Crowdfunding May Cut `Not in My Backyard’ Risk for Renewables
If you paid for it, you probably won’t be mad that it’s near your house. That, at least is what the proponents of green energy are saying.
Crowdfunding, a way of raising money that asks the masses on the Internet to each chip in, is rising in the renewables industry. Traditionally used by charities, it has raised 165 million euros ($180 million) worldwide to develop 300 clean energy projects, according to a presentation at the Renewable Energy Crowdfunding conference in London on Thursday.
Public backlash has been a significant hurdle in the deployment of both onshore and offshore wind farms, with locals objecting to the visual effect and the noise of the turbines. Crowdfunding could potentially create a link between the project developers and the municipality, diminishing this risk.

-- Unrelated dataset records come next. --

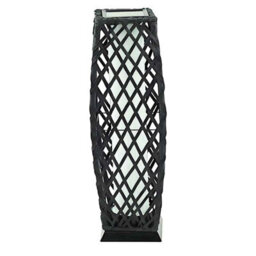 Gr8 Garden Set Of 2 Solar Rattan Lantern Led Garden Path Lights Charcoal - thumbnail 7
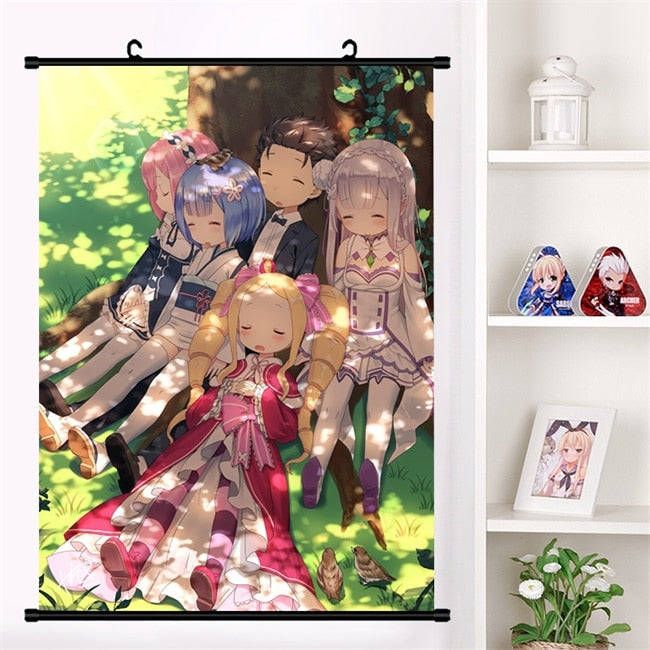 Anime Re:zero kara hajimeru isekai seikatsu Rem Ram Emilia Satella Girl Wall Scroll Mural Poster Wall Hanging Poster Home Decor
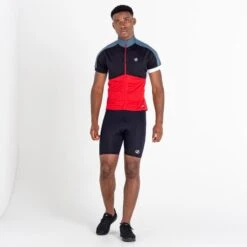 Dare 2b Protraction II T-shirt De Cyclisme Zippé à Manches Courtes Pour Homme - Rouge -Magasin D'Articles De Sport protraction ii t shirt de cyclisme zippe a manches courtes pour homme rouge 4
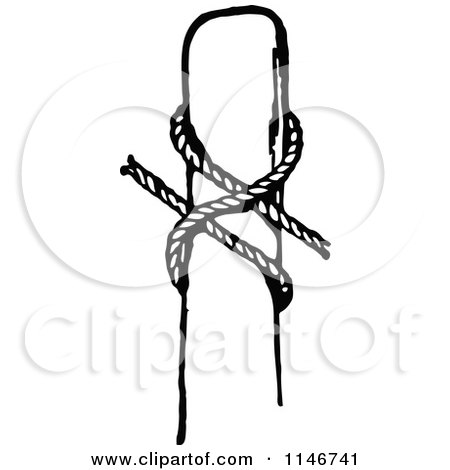 Clipart of a Retro Vintage Black and White Clove Hitch Knot - Royalty Free Vector Illustration by Prawny Vintage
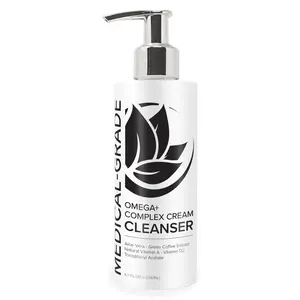 Microderm GLO Omega+ Complex Cream Facial Cleanser, Daily Face Wash & Makeup Remover, All Skin Types, Omega 3 & 6, Retinyl, Green Coffee Extract & Aloe Vera, Paraben-Free & Vegan, 6.7 Fl Oz Gentle Cleansing Skincare
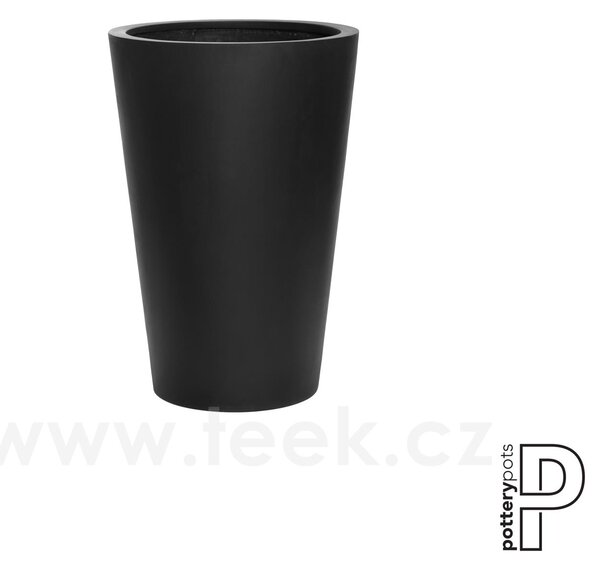 Pottery Pots Venkovní květináč kulatý Belle M, Black (barva černá), kolekce Natural, kompozit Fiberstone, průměr 47 cm x v 70 cm, objem cca 88 l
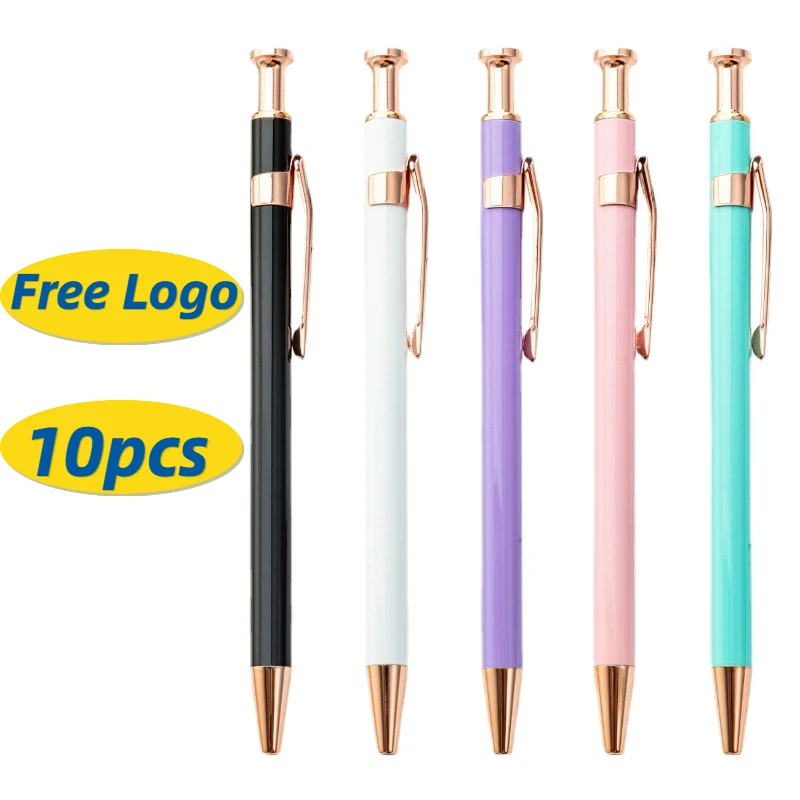 10pcs Metal Pen Print Logo Office Stationery Multicolor Metal Ballpoint Pen Wholesale Freebies Pen Set Office Supplies Luxury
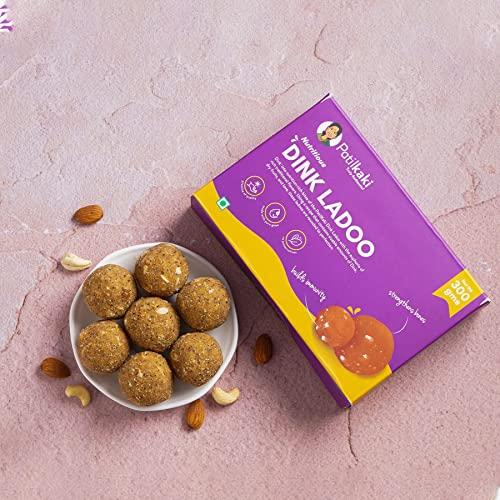 PATIL KAKI PATIL KAKI Handmade Dink Ladoo|Dry Fruits|Jaggery|Pure Desi Ghee|No Preservatives|No Added Sugar|Gond Ladoo|Organic|Post Delivery|300Gram|12 Ladoos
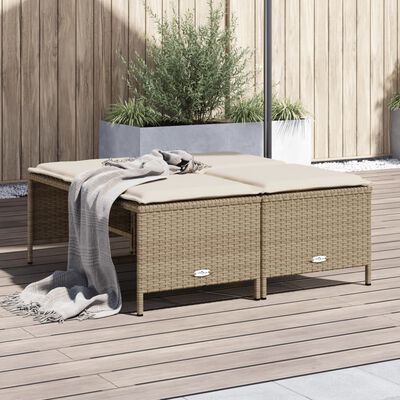 vidaXL Sgabelli da Giardino con Cuscini 4 pz Beige in Polyrattan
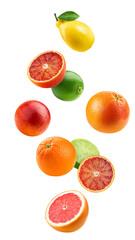 Falling citrus, mix, lemon, orange, lime, grapefruit isolated on white background, full depth of...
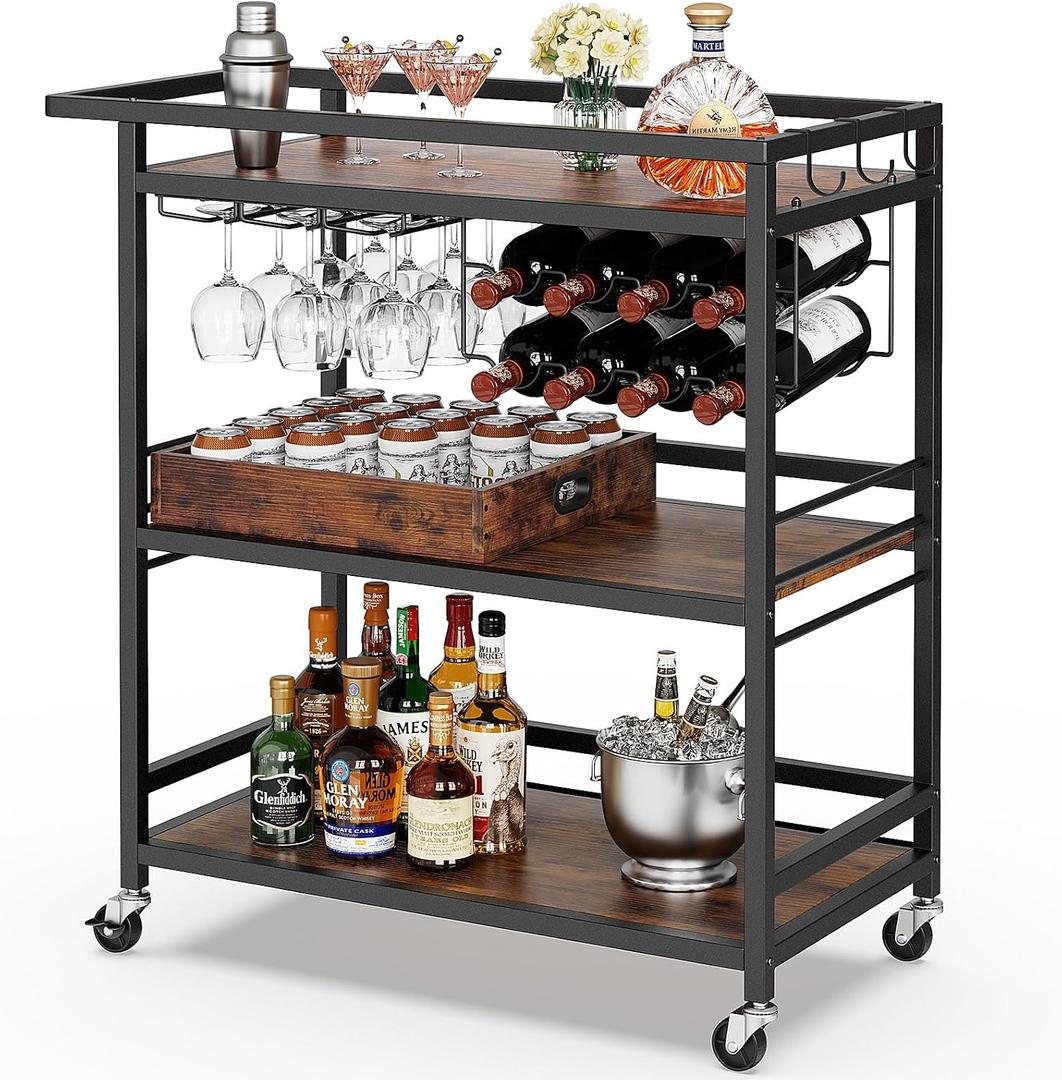 Leteuke Bar Cart for Home, 3 Tier Black Serving Rolling Carts with Wheels, Drink Cart, Liquor Stand with Removable Tray, Wine Rack and Glass Holder for Kitchen, Outdoor, Dining Room-Black Brown, 15”D X 31.49”W X 38”H
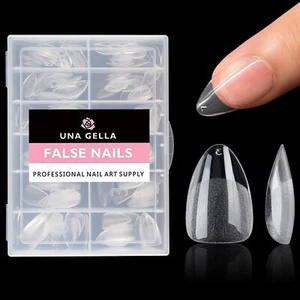 UNA GELLA Short Almond Fake Nails 216pcs Preshape Gel Acrylic Nail Tips for Fu - Picture 1 of 7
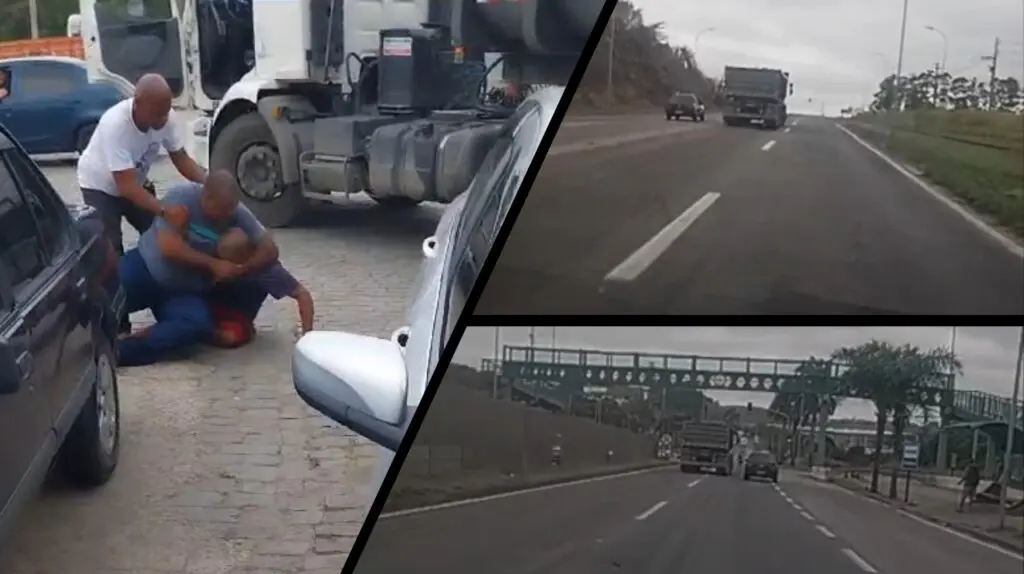 Vídeo: Homens brigam em posto de combustíveis na Serra e a treta segue de forma frenética pela BR-101 Vídeo: Homens brigam em posto de combustíveis na Serra e a treta segue de forma frenética pela BR-101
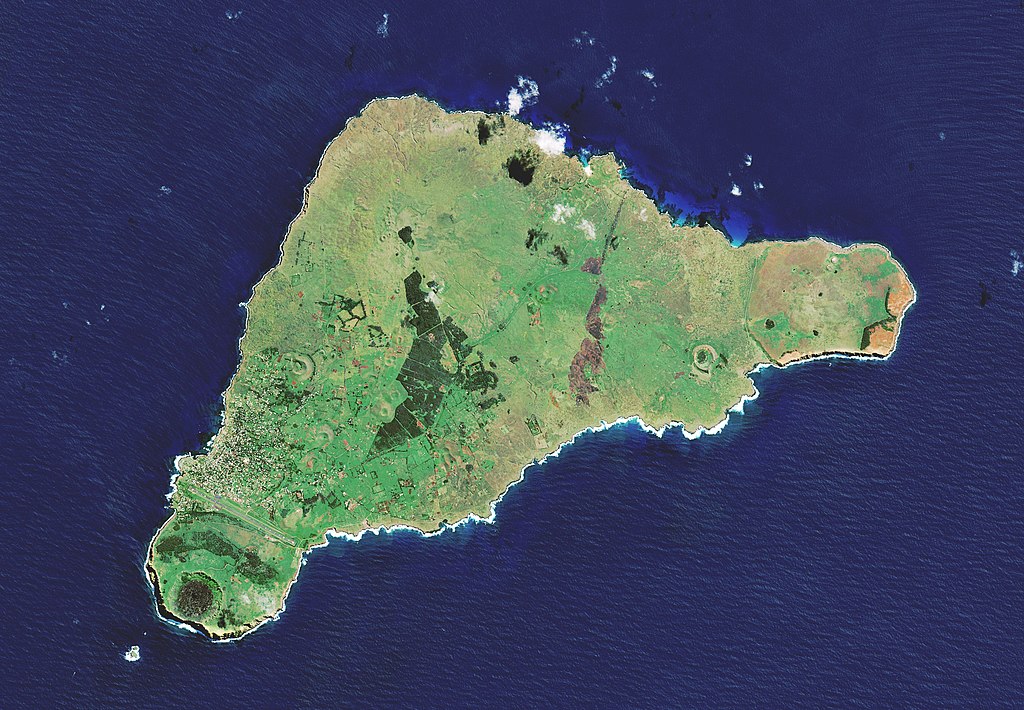 Satellite view of Easter Island 2019. The Poike peninsula is on the right. Satellite view of Easter Island 2019.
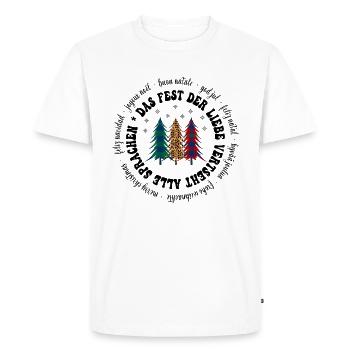 Joyeux Noël Langues - T-shirt Premium bio Homme - blanc - Devant - Nico (187cm)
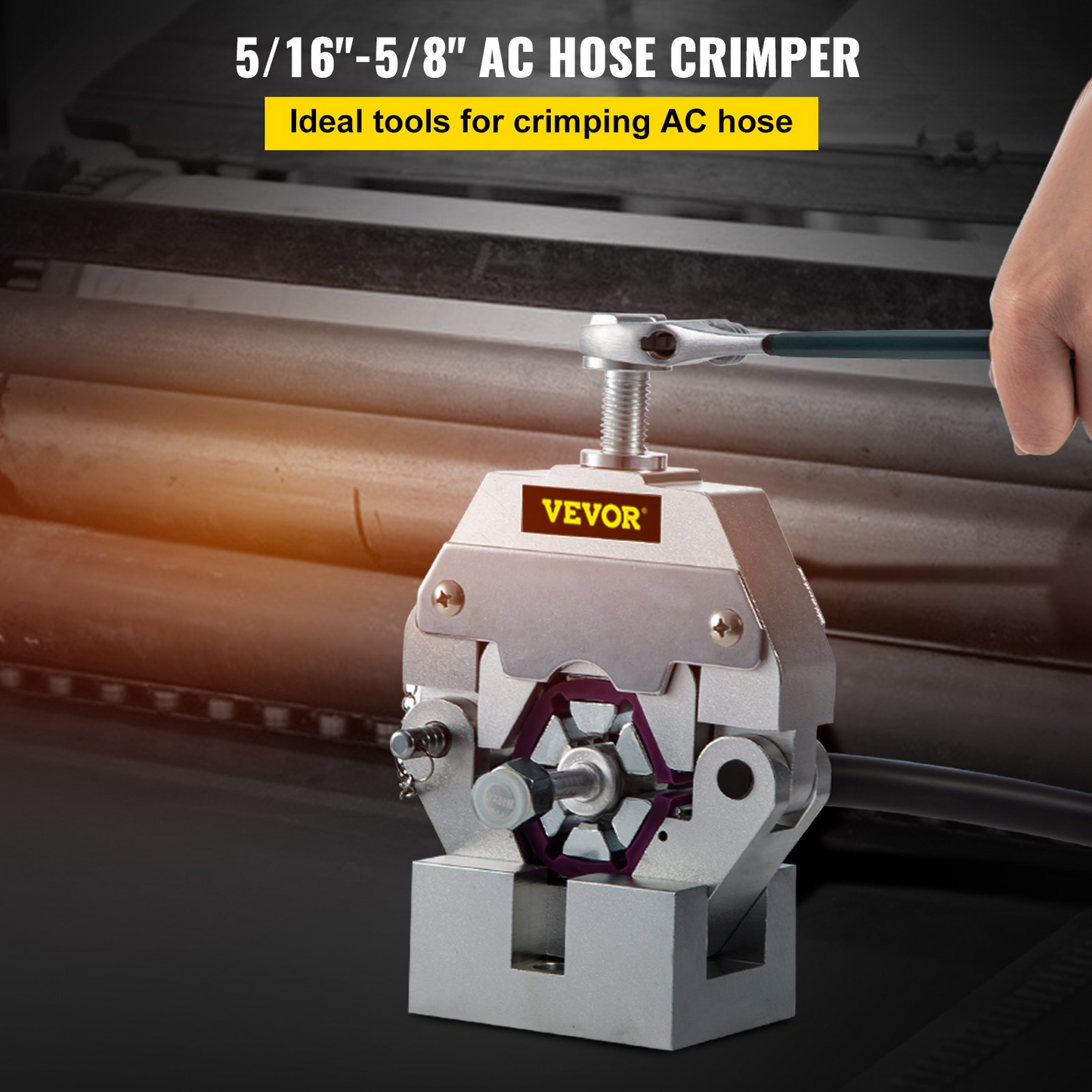 VEVOR Manually Operated AC Hose Crimper Hydra-Krimp 71550 Manual AC Hose Crimper Kit Air Conditioning Repair Handheld AC Hose Crimping Tool with 4 Dies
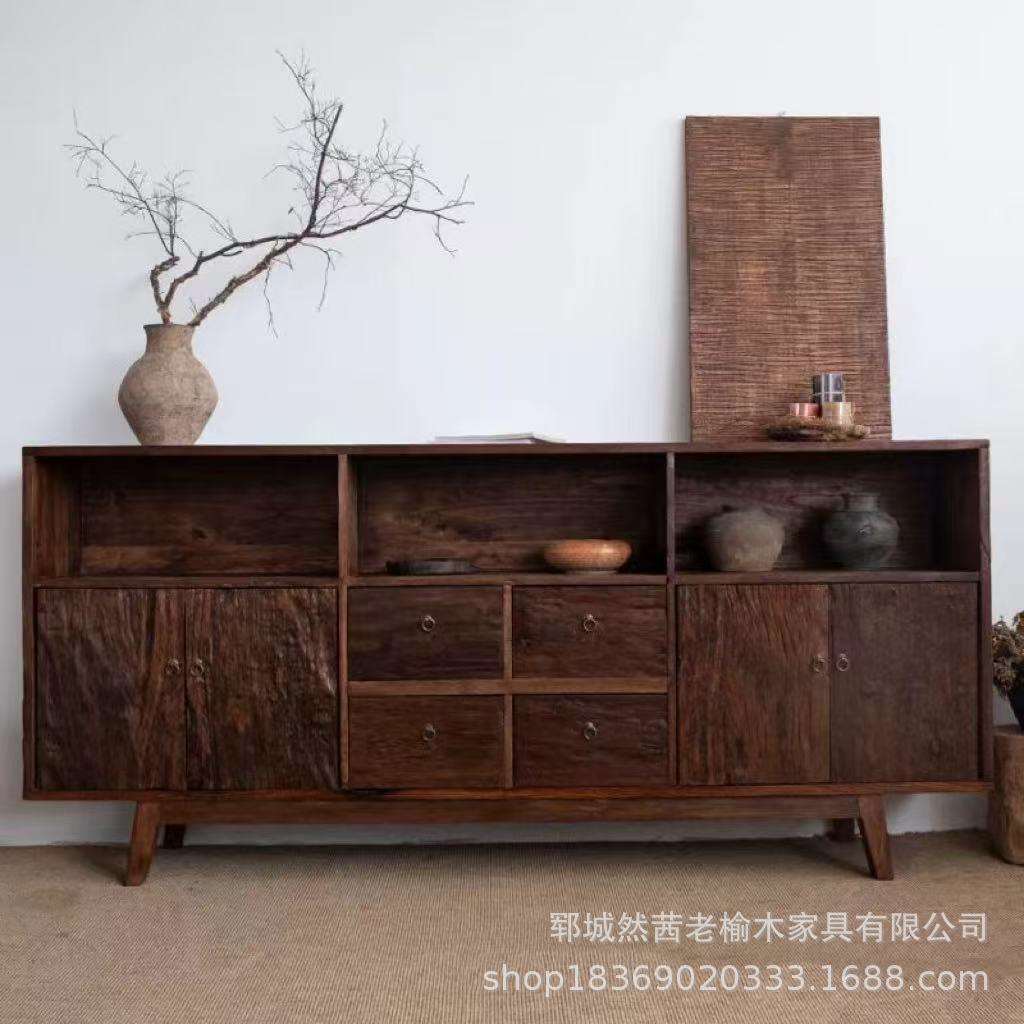 复古老榆木餐边柜实木客厅装饰收纳柜玄关条案做旧茶水柜靠墙边柜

Large-scale renewable energy projects built by experienced developers in Europe and North America generally do not have trouble attracting capital with the promise of steady yields in the prolonged low interest-rate environment, but they can still face challenges. There are more than 300 anti-wind farm action groups in the U.K. alone, according to activist Country Guardian.
Plans to build a 5.4-billion pound ($8.3 billion) offshore wind project in Navitus Bay, U.K. were scrapped in September after escalated complaints that it would harm protected views off the southern coast of England. Turbines in France, the U.S. and other sites in the U.K. have faced similar shut-downs amid public pressure.